I also went and saw Battle: Los Angeles with my dad. It was pretty much right up his alley. Lots of explosions and military confusion. It runs a little bit along the plot of independence day, but not so much alien technology in the end. And very few computers. So, Independence Day without Jeff Goldblum. Also not as many good one liners as Independence Day. But I feel like it was much grittier than Independence Day and in that way more real. Kind of excellent.

I still want to go see Beastly. I have a thing for remade fairy tales. Also I think it has an Olsen twin in it. Also I don't think their version of making him ugly (or beastly, ahahahaha, pun) is really that bad. In fact tattoos and piercings and scars are kind of hot. But to each his own I guess.

I've got another good chord progression on the ukulele, but I'm not sure what I'm going to do with it quite yet. I'm not sure it wants words or not. Hmmm...I'll have to spend some time contemplating it. I wish I had a little thing to record it on so that I could play it over and over.

I'm getting better at remembering to take my vitamins and I've almost gotten rid of the weight that I gained back in Hawaii (which was 3 lbs, so not absolutely the worst thing ever). I feel like I've stalled a little bit though. I'm confident weight loss will continue, but I just need to get past this point. I feel a little bit out of control with the eating, but I'm getting better every day, so it's just a matter of time. And that's really hard to remember some days, that as long as I'm not going up, it doesn't matter how long it takes me to lose the weight as long as I lose it. That's all I care about.

And now I'm off! Have a good night internets.

Wednesday, March 09, 2011

Close to town but not to the city

Back from my trip to Hawaii. And I managed to sun burn the backs of my knees, a strip on the bottom of my back and the backs of my shoulders. Awesome. It's slowly getting better, but I am not yet surviving without the aid of tylonel to kill the pain.
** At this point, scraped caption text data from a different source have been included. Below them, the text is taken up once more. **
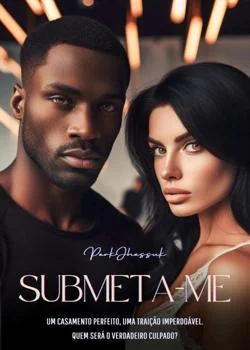 Capa do romance Submeta-me 
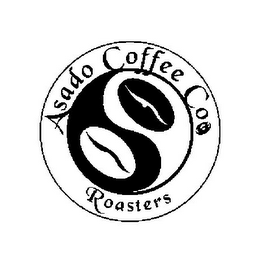 ASADO COFFEE CO ROASTERS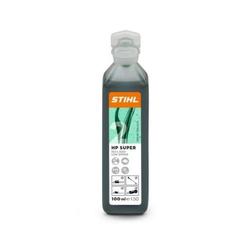 Stihl Zweitaktmotorenöl HP Super a 100ml (für 5 Liter Kraftstoff) Mischungsverhältnis 1:50 Nr. 0781 319 8067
Hawaii was great and so very pretty. Though I could never live there because it's so very humid. And I only saw one cat the whole time I was there, and it was in a graveyard, if that's not foreshadowing I'm not sure what is. We went and saw a lot of things. The Polynesian Cultural Center and that was pretty cool, hit Germaine's Luau, where we saw our neighbor's son, that was awfully strange. Also tried to go on a whale watching trip on which we saw no whales and got really sea sick because it was so rough. It was the roughest boat I've ever been on. We did see some humpback whales the next day when we went to Hanuama bay for snorkeling. The snorkeling was awesome. The fish are just like "I'ma gonna keep eating, you do whatever you want." Awesome. I could spend all day there. I played navigator the whole time because I can read a map. My mom did not appreciate my Sailor Moon jokes about Asian girls on pink mopeds, nor did she appreciate my Dragonball Z jokes about Kamehameha Highway, nor did she appreciate my Monkey Island jokes...sometimes she got the Pirates of the Caribbean jokes, but only sometimes. Next time I definitely need to bring Sarah and Mary.

Other than that the plane ride there was fairly bumpy, but okay. The plane ride back was really awful because I was stuck in the middle and had the only panic attack I had ever had. UGH. Other than that it was a lot smoother than the ride there. However, I'm having some severe chills and a lot of vertigo, which I don't know if that's because the flight back effed up my inner ear, or if I'm actually sick. I just can't tell, but I definitely wish it would stop. The vertigo is no fun at all. I'm also thinking that I might be dehydrated a little bit or something, so a lot of water is going in me as well.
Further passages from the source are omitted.